EXERCISE AIM: Write the listing below out again exactly, dropping the images.
========================
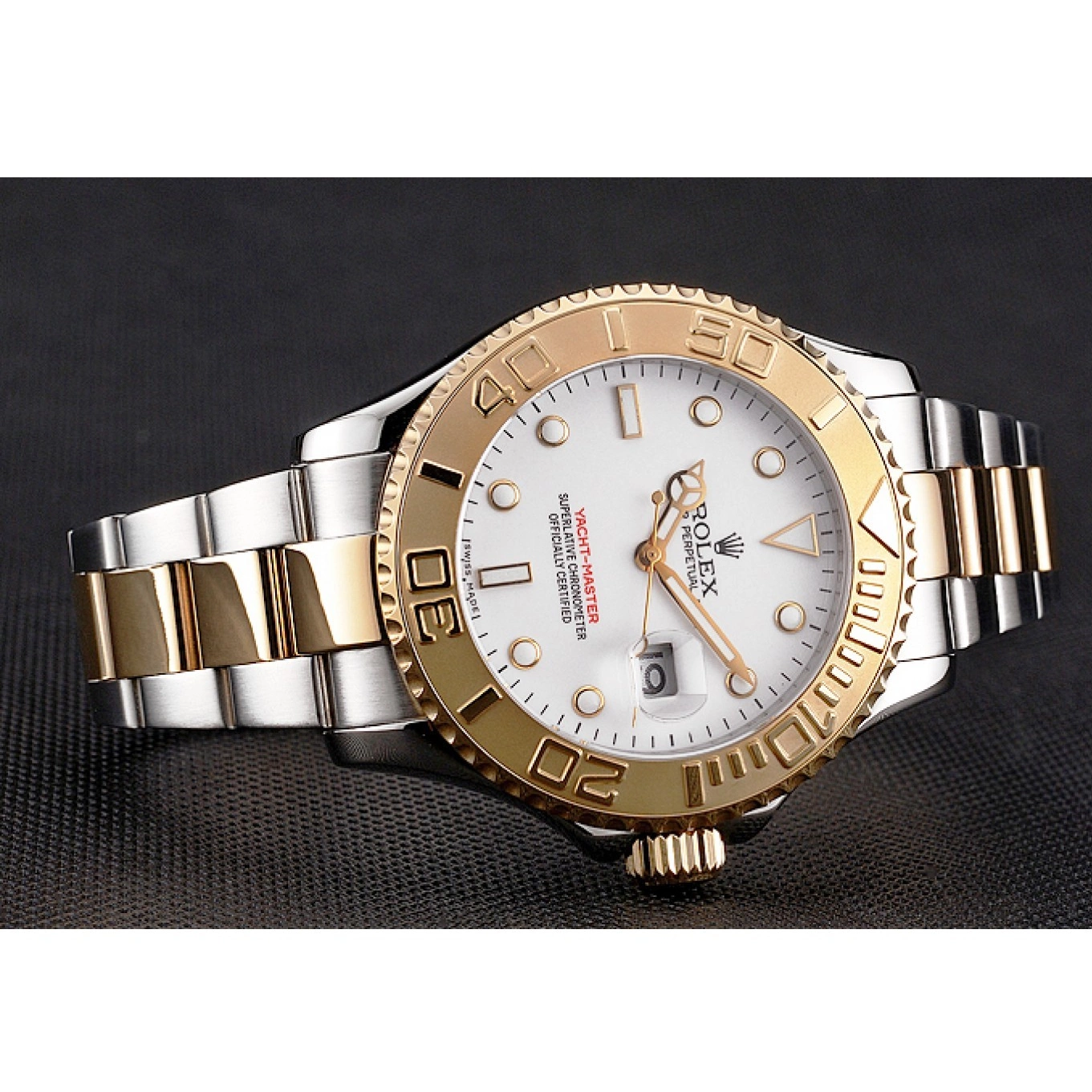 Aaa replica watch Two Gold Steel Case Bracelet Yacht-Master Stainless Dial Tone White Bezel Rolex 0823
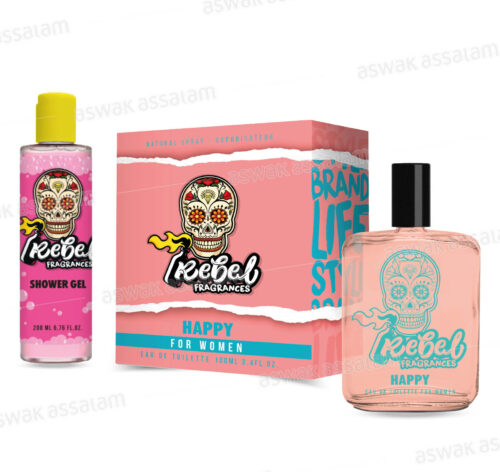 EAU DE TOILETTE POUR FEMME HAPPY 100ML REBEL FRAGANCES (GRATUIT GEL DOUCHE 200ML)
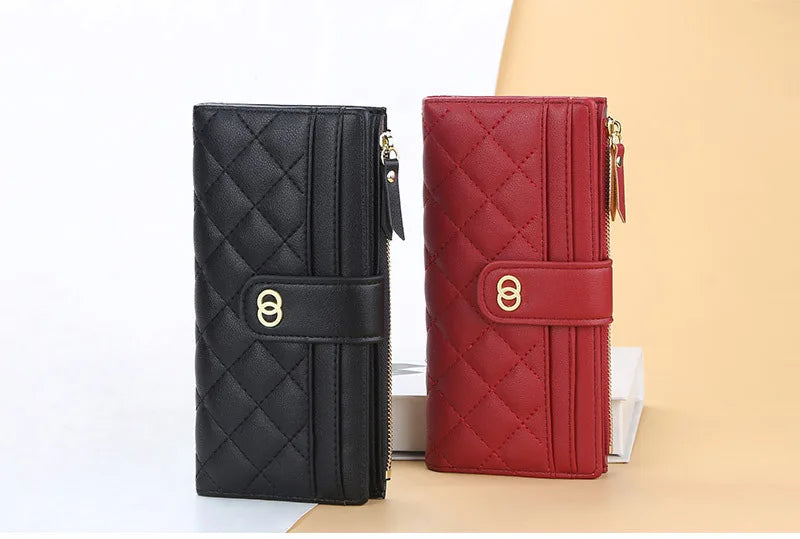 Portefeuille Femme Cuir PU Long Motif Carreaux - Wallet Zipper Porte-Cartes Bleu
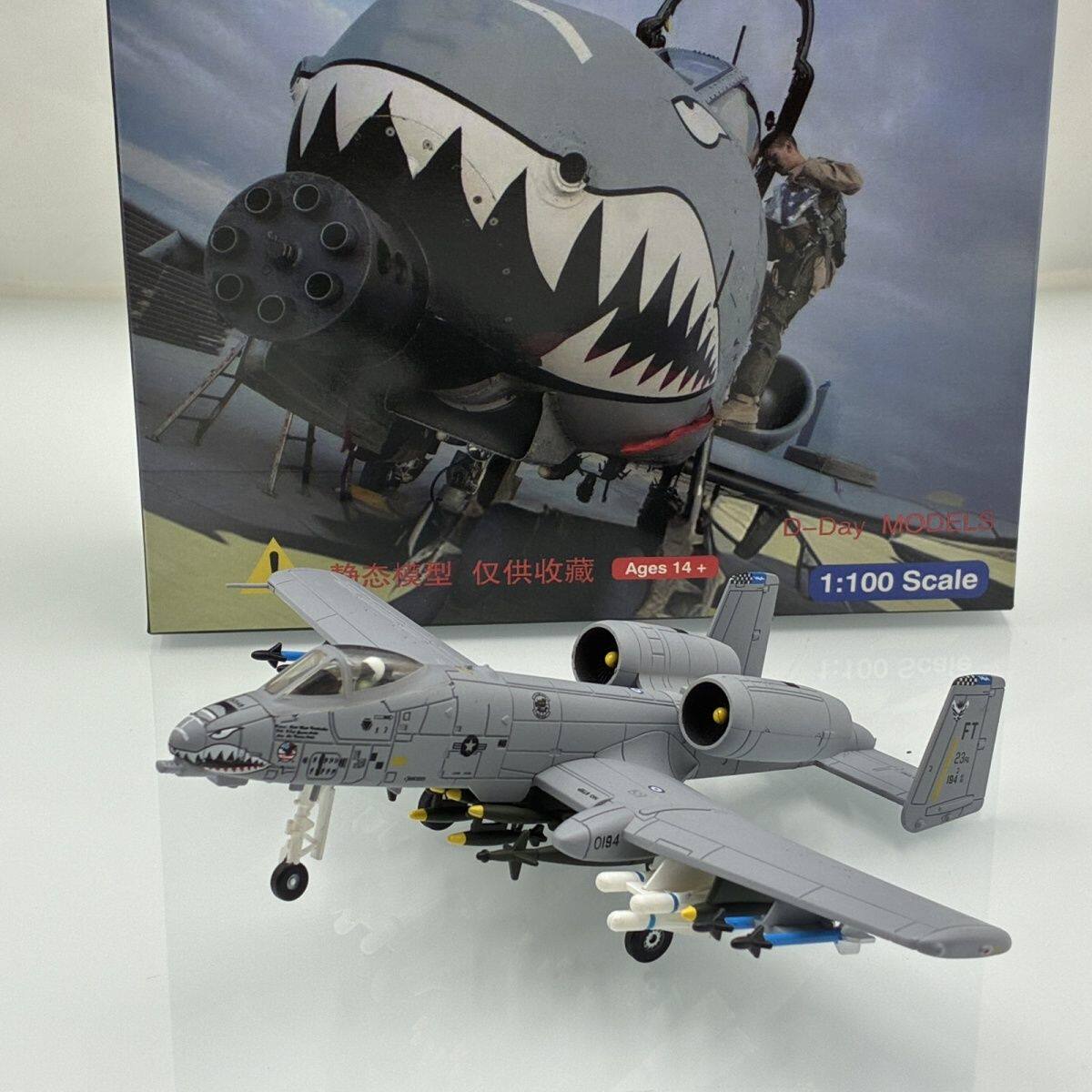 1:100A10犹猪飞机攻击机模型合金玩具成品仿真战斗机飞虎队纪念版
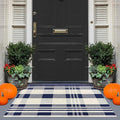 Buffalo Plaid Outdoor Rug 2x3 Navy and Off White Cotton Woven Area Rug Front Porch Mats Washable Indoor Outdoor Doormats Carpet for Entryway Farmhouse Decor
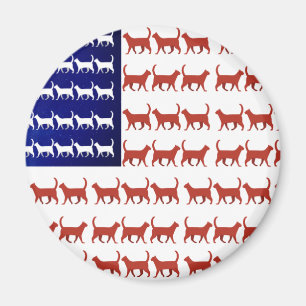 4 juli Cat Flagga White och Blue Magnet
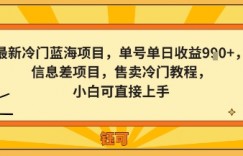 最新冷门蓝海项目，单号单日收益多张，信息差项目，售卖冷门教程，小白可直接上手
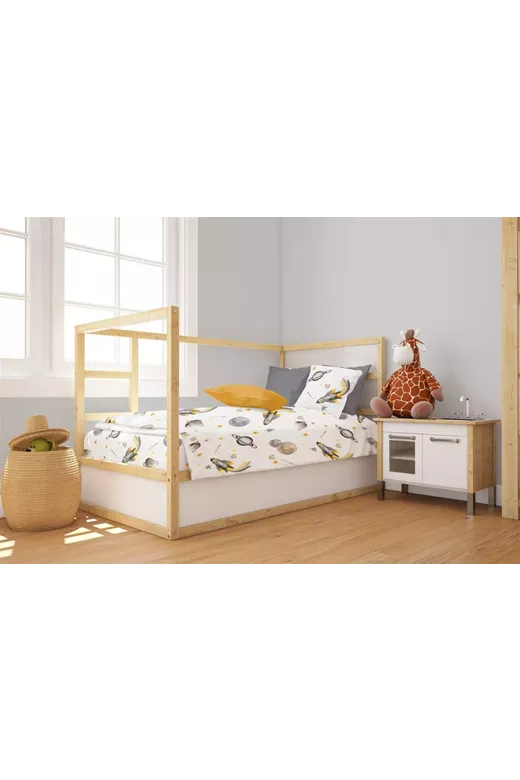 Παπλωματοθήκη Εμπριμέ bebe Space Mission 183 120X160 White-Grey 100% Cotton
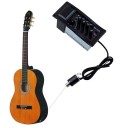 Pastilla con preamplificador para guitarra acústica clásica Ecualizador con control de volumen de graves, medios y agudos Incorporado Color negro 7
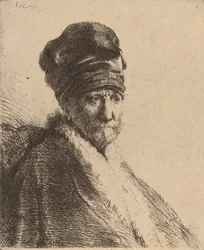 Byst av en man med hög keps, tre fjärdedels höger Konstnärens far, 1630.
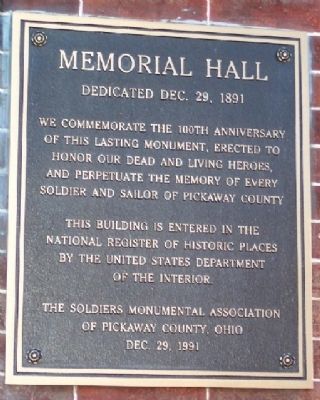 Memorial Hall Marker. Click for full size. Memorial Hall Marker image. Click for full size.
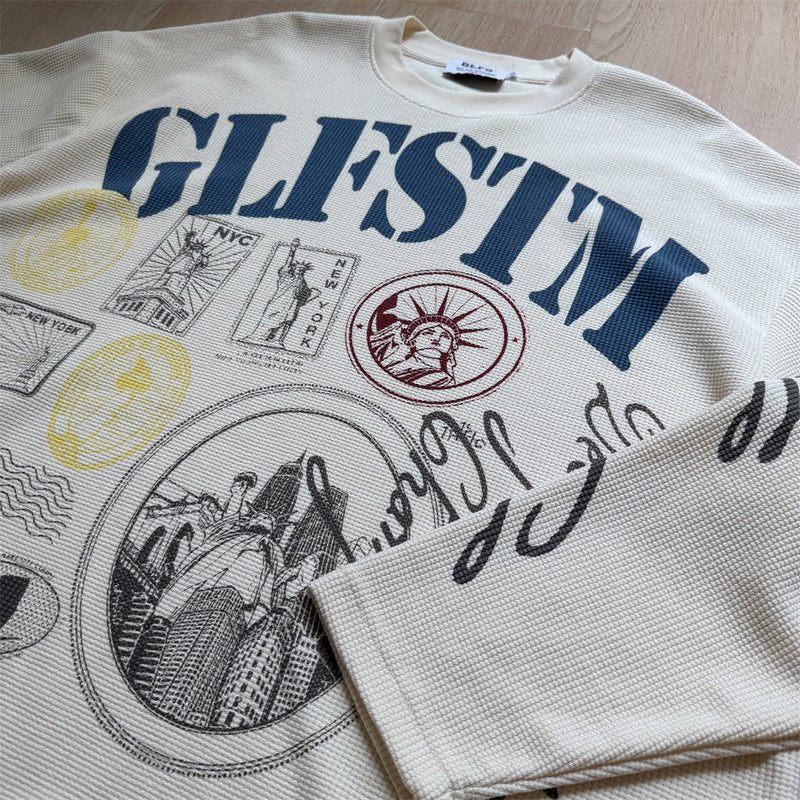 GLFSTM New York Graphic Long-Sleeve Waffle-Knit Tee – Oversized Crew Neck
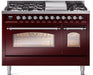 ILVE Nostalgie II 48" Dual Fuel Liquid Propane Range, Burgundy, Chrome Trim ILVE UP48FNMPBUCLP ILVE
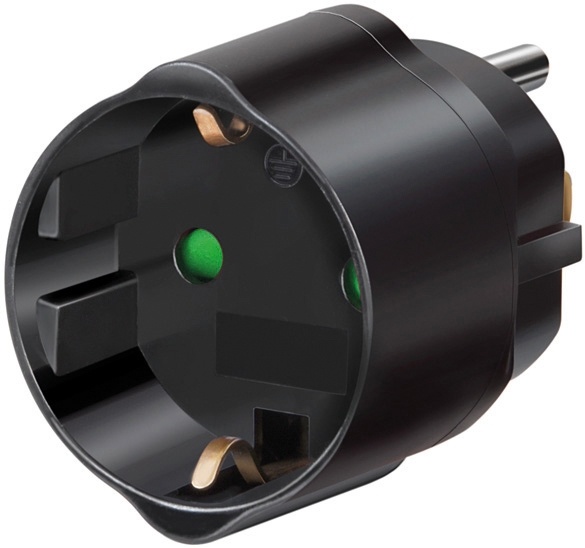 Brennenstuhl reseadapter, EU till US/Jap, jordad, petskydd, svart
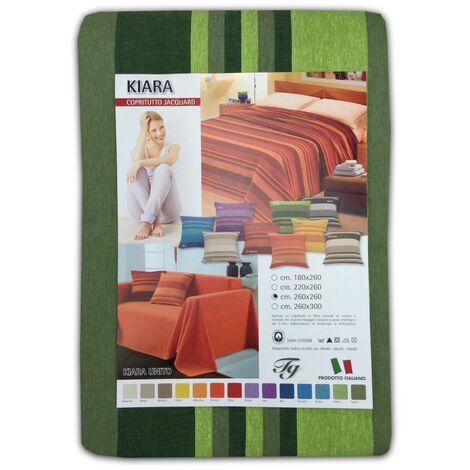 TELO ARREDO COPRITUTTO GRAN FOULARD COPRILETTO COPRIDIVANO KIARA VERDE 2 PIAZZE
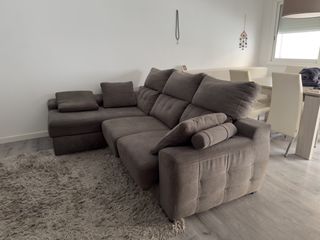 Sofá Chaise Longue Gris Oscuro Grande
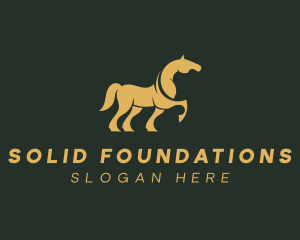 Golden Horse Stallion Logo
========================
WRITTEN ANSWER:
 Aaa replica watch Two Gold Steel Case Bracelet Yacht-Master Stainless Dial Tone White Bezel Rolex 0823
 EAU DE TOILETTE POUR FEMME HAPPY 100ML REBEL FRAGANCES (GRATUIT GEL DOUCHE 200ML)
 Portefeuille Femme Cuir PU Long Motif Carreaux - Wallet Zipper Porte-Cartes Bleu
 1:100A10犹猪飞机攻击机模型合金玩具成品仿真战斗机飞虎队纪念版
 Buffalo Plaid Outdoor Rug 2x3 Navy and Off White Cotton Woven Area Rug Front Porch Mats Washable Indoor Outdoor Doormats Carpet for Entryway Farmhouse Decor
 4 juli Cat Flagga White och Blue Magnet
 最新冷门蓝海项目，单号单日收益多张，信息差项目，售卖冷门教程，小白可直接上手
 Παπλωματοθήκη Εμπριμέ bebe Space Mission 183 120X160 White-Grey 100% Cotton
 Pastilla con preamplificador para guitarra acústica clásica Ecualizador con control de volumen de graves, medios y agudos Incorporado Color negro 7
 Byst av en man med hög keps, tre fjärdedels höger Konstnärens far, 1630.
 Memorial Hall Marker. Click for full size. Memorial Hall Marker image. Click for full size.
 GLFSTM New York Graphic Long-Sleeve Waffle-Knit Tee – Oversized Crew Neck
 ILVE Nostalgie II 48" Dual Fuel Liquid Propane Range, Burgundy, Chrome Trim ILVE UP48FNMPBUCLP ILVE
 Brennenstuhl reseadapter, EU till US/Jap, jordad, petskydd, svart
 TELO ARREDO COPRITUTTO GRAN FOULARD COPRILETTO COPRIDIVANO KIARA VERDE 2 PIAZZE
 Sofá Chaise Longue Gris Oscuro Grande
 Golden Horse Stallion Logo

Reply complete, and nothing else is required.